Records below:
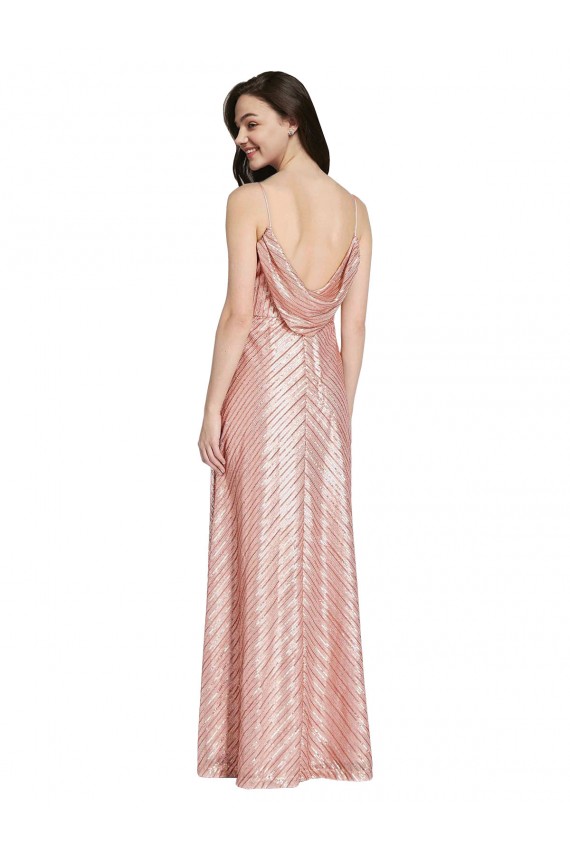 Comprare Oro rosa Tubino Scollatura a V Paillettes Lunga Formali Abiti da damigella donore / Abiti da sera / Abiti da ballo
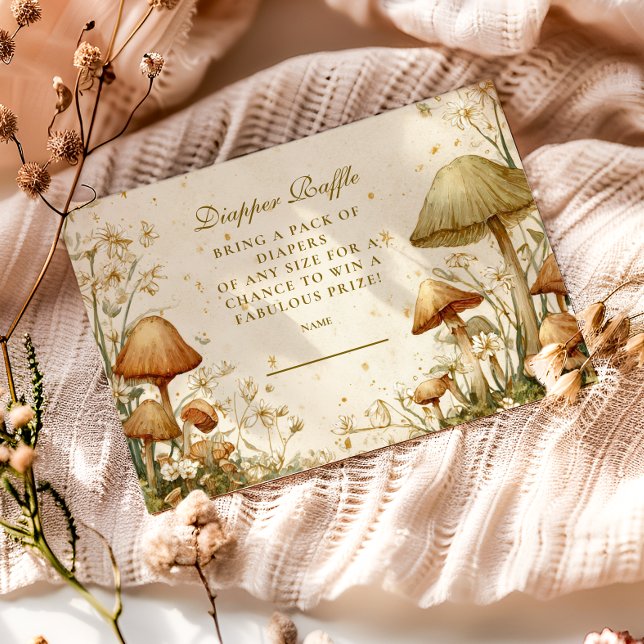 Tarjeta De Recepción Encantado Woodland Mushroom Diapper Raffle (Subido por el creador)
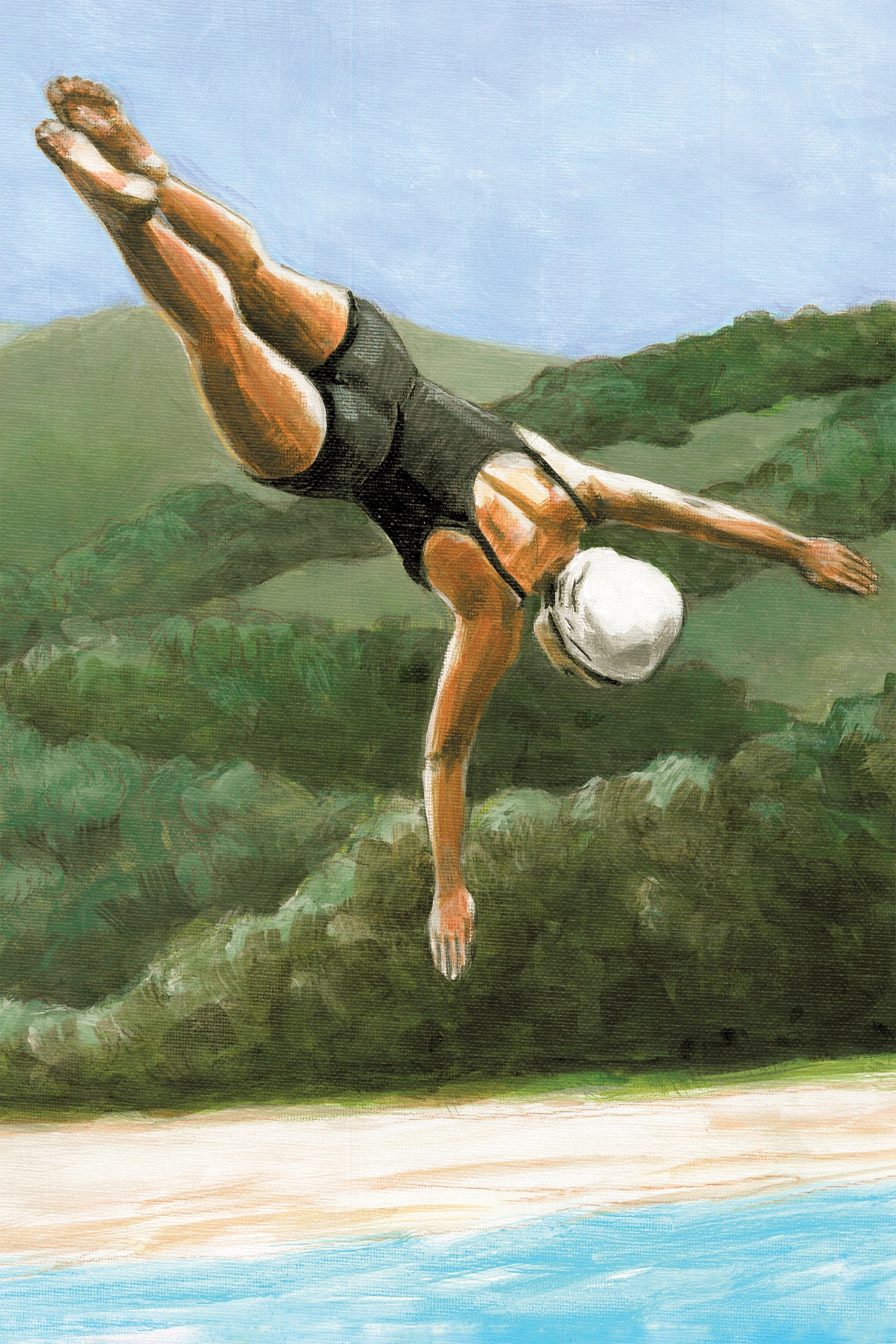 wall-art-print-canvas-poster-framed-Diver with Hills-1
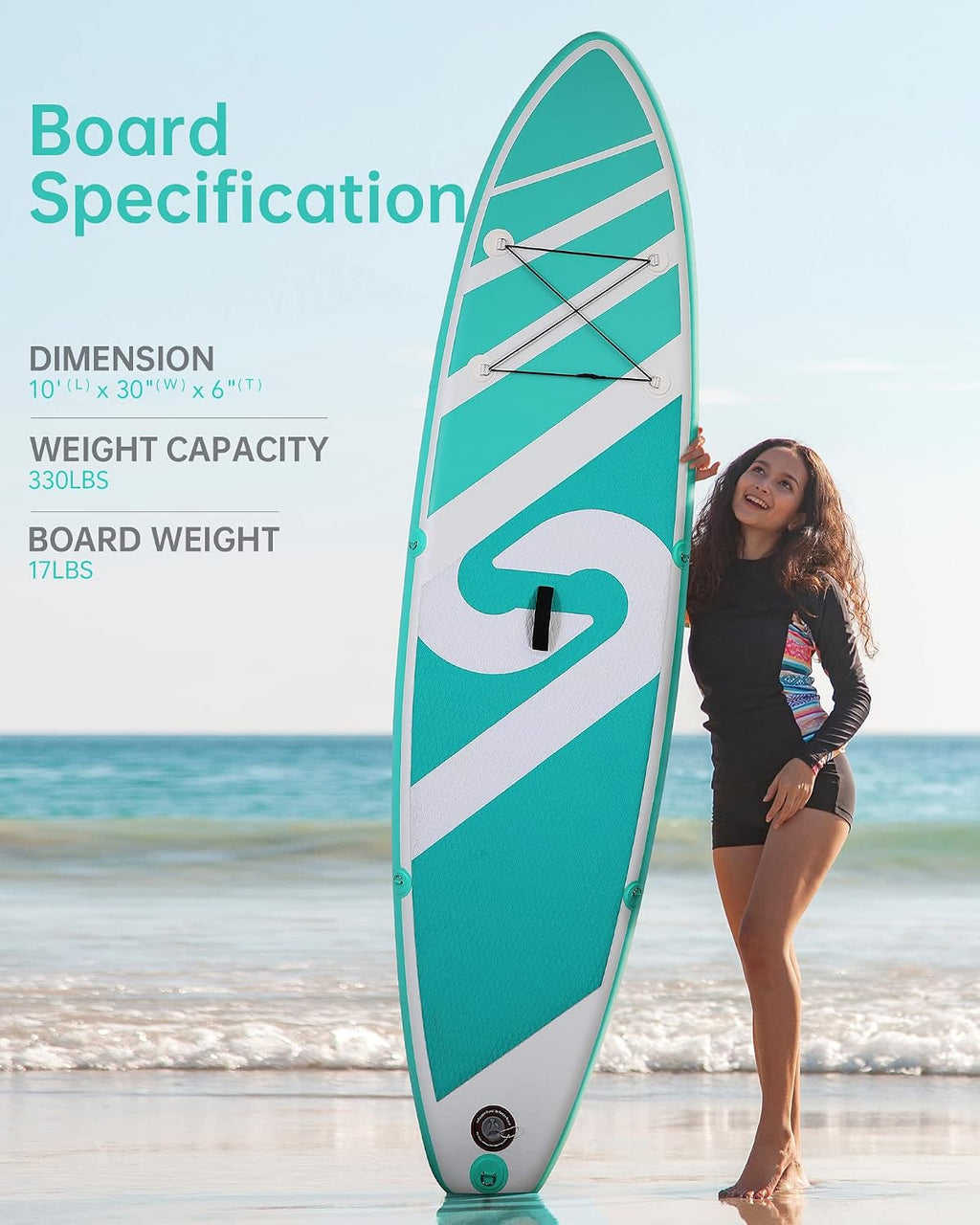 Inflatable Paddle Board Stand Up Paddle Board Inflatable Paddleboard SUP Board with Premium Full Accessories 120'x30'x6' for Youth & Adults Have Fun in Oceans, River and Lakes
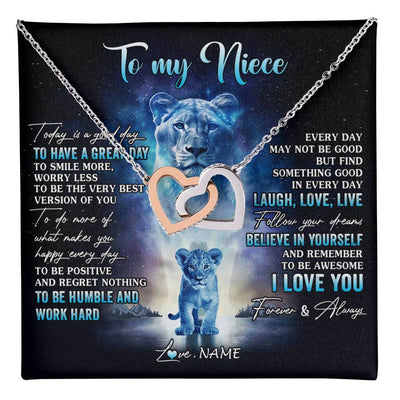 Interlocking Hearts Necklace Stainless Steel & Rose Gold Finish | 1 | Personalized To My Niece Lion Necklace From Aunt Auntie Every Day Laugh Love Live Niece Birthday Graduation Christmas Customized Gift Box Message Card | teecentury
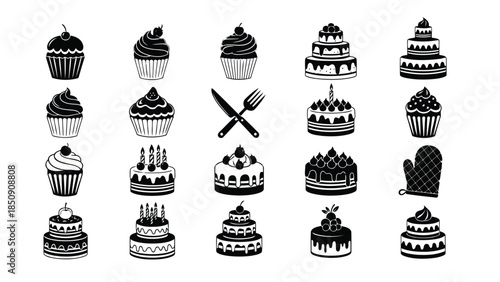 Black and white vector illustrations of various cakes and cupcakes isolated on white background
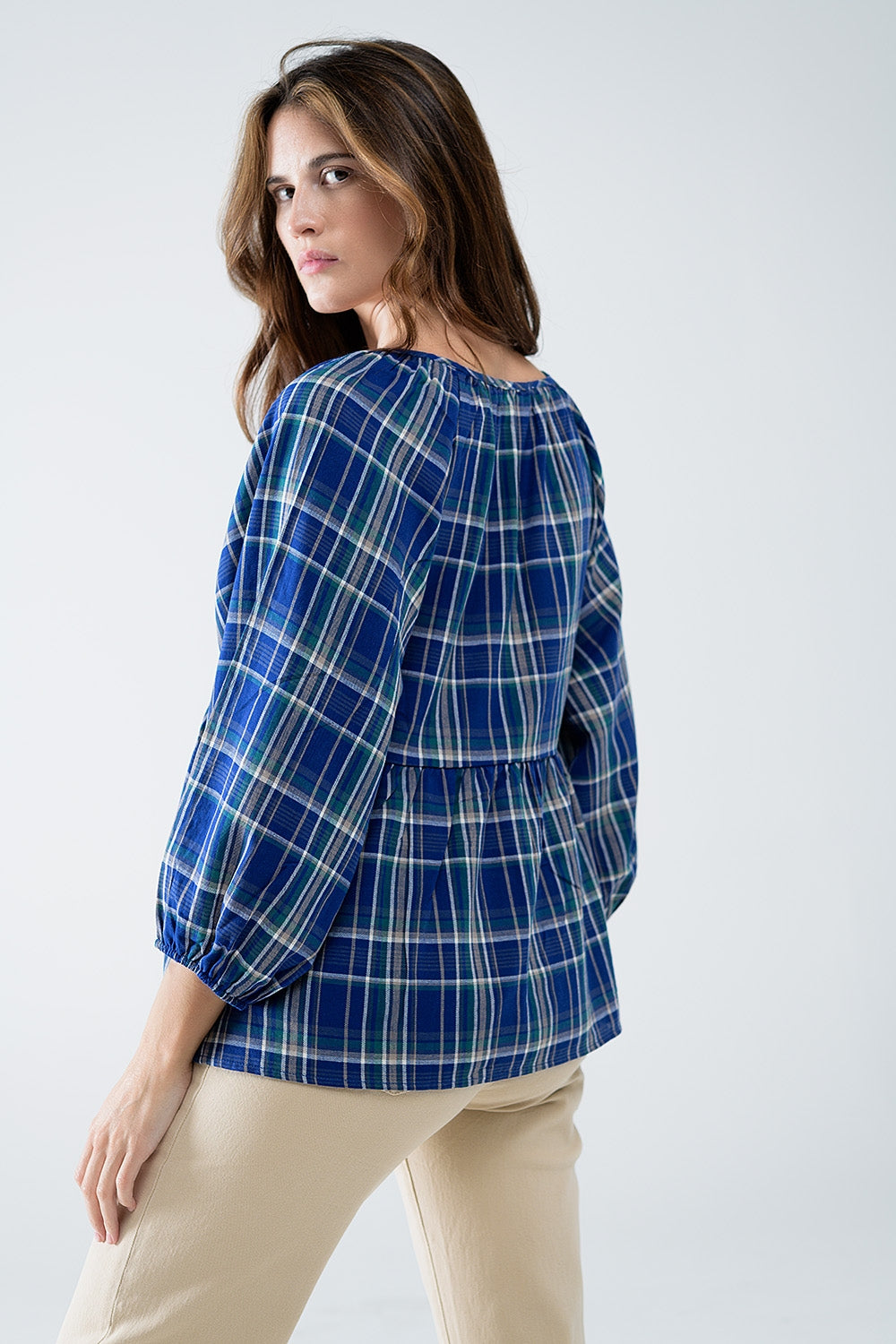 Camisa Babydoll Xadrez Azul e Verde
End of Records.
• Task:
Starting at the line that holds "Interlocking Hearts Necklace", print each line through the last one of the entries above, exactly and with both ends included; no pictures.

• Answer for this exercise:
 Interlocking Hearts Necklace Stainless Steel & Rose Gold Finish | 1 | Personalized To My Niece Lion Necklace From Aunt Auntie Every Day Laugh Love Live Niece Birthday Graduation Christmas Customized Gift Box Message Card | teecentury
 Black and white vector illustrations of various cakes and cupcakes isolated on white background
 Camisa Babydoll Xadrez Azul e Verde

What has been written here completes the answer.